Discussions of DBMS performance are always odd, for starters because:
- Workloads and use cases vary greatly.
- In particular, benchmarks such as the YCSB or TPC-H aren’t very helpful.
- It’s common for databases or at least working sets to be entirely in RAM — but it’s not always required.
- Consistency and durability models vary. What’s more, in some systems — e.g. MongoDB — there’s considerable flexibility as to which model you use.
- In particular, there’s an increasingly common choice in which data is written synchronously to RAM on 2 or more servers, then asynchronously to disk on each of them. Performance in these cases can be quite different from when all writes need to be committed to disk. Of course, you need sufficient disk I/O to keep up, so SSDs (Solid-State Drives) can come in handy.
- Many workloads are inherently single node (replication aside). Others are not.
MongoDB and 10gen
I caught up with Ron Avnur at 10gen. Technical highlights included:
- MongoDB’s tunable consistency seems really interesting, with numerous choices available at the program-statement level.
- All rumored performance problems notwithstanding, Ron asserts that MongoDB often “kicks butt” in actual proof-of-concept (POC) bake-offs.
- Ron cites “12 different language bindings” as a key example of developer functionality giving 10gen an advantage vs. Ron’s previous employer MarkLogic.
- 10gen is working hard on management tools, security, and so on.
- Ron claims that the “MongoDB loses data” knock is a relic of the distant — i.e. 1-2 years ago — past.
- We had the same “Who needs joins?” discussion that I used to have with MarkLogic — Ron’s former company — and which MarkLogic has since disavowed.
- There’s nothing special about MongoDB’s b-tree indexes. (I mention that because Tokutek thinks it offers a faster MongoDB indexing option.)

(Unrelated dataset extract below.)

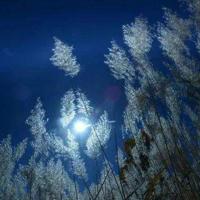 百问百答2人体读后感锦集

While this wasn’t a numbers-oriented conversation, business highlights included:
- A lot of MongoDB’s competition is RDBMS — Oracle, SQL Server, MySQL, etc.

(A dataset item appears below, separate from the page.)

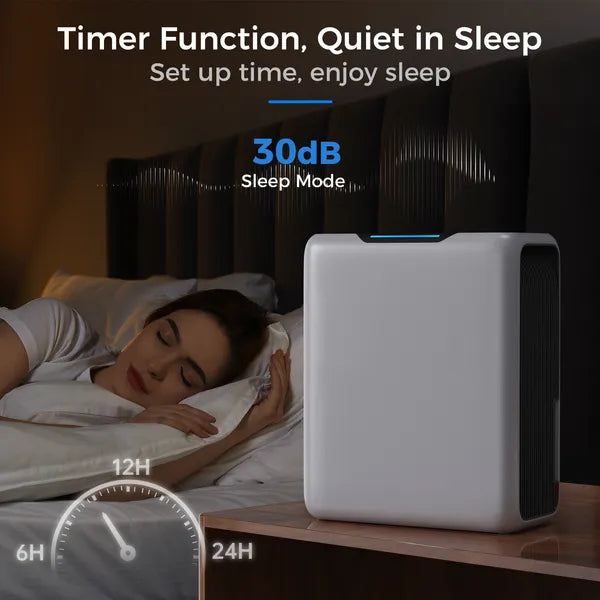 3L Dehumidifier, Electric Dehumidifier For 20m2 Home, Dual Peltier Technology, 30dB Ultra Quiet For Bedroom, Intelligent Defrost, 24H Timer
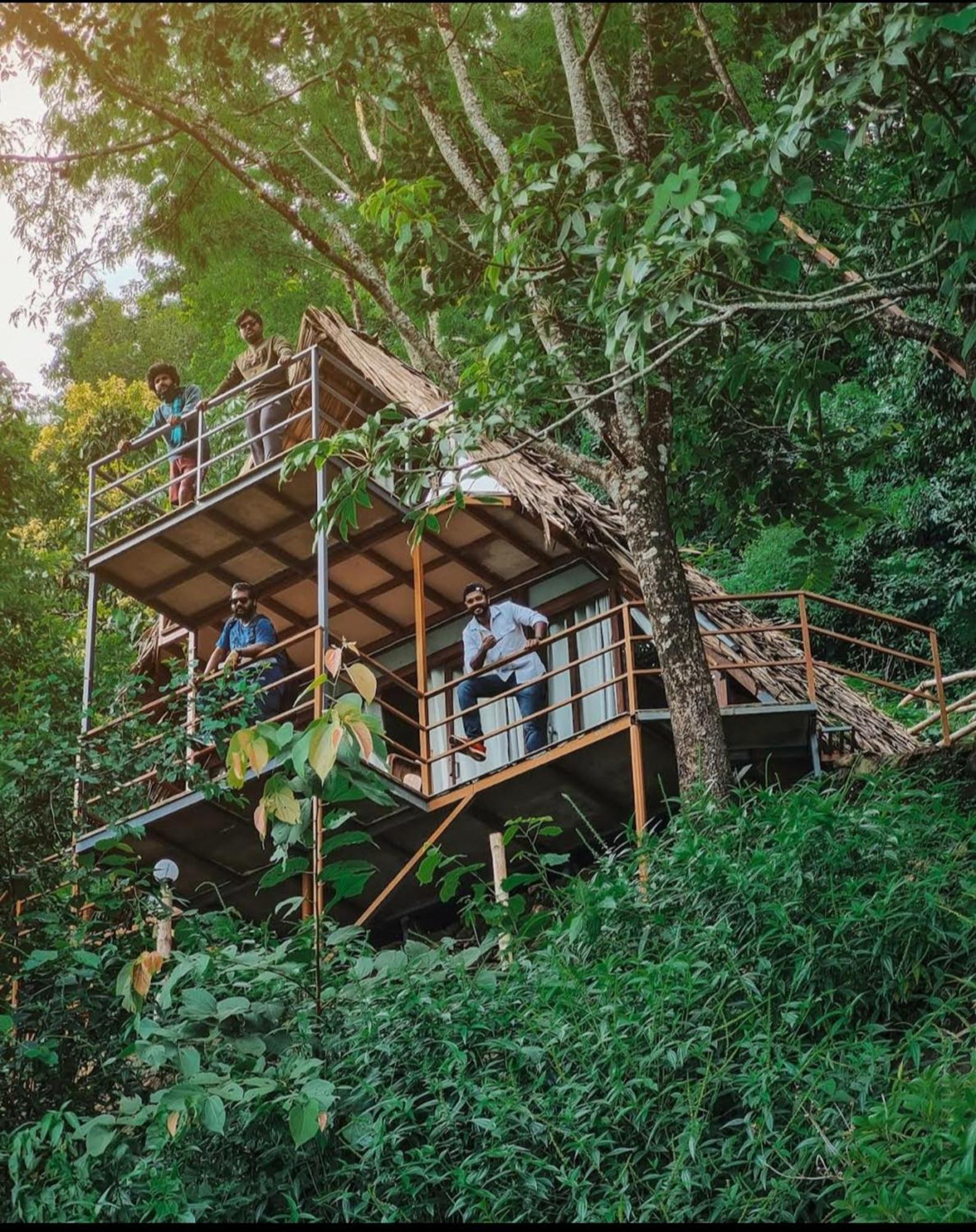 Sunset Valley Kerala Pool Resort - Serene Natural Forest Cottage Stay In Idukki With Sunrise & Sunset Panoramas, Natural Streams & Tranquil Summer Evenings Pirmed Luaran gambar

- MongoDB’s top NoSQL competitor is Cassandra. 10gen sees less Couchbase than before, and also less HBase than Cassandra.
- There’s yet another favorable MongoDB soft metric — 50,000 registrants for free online education, 2/3 outside the US.
I can add that anecdotal evidence from other industry participants suggests there’s a lot of MongoDB mindshare.
Specific traditional-enterprise use cases we discussed focused on combining data from heterogeneous systems. Specifically mentioned were:
- Reference data/360-degree customer view.
- Reference data about securities.
- Aggregation of analytic results from various analytic systems across an enterprise. (For risk management).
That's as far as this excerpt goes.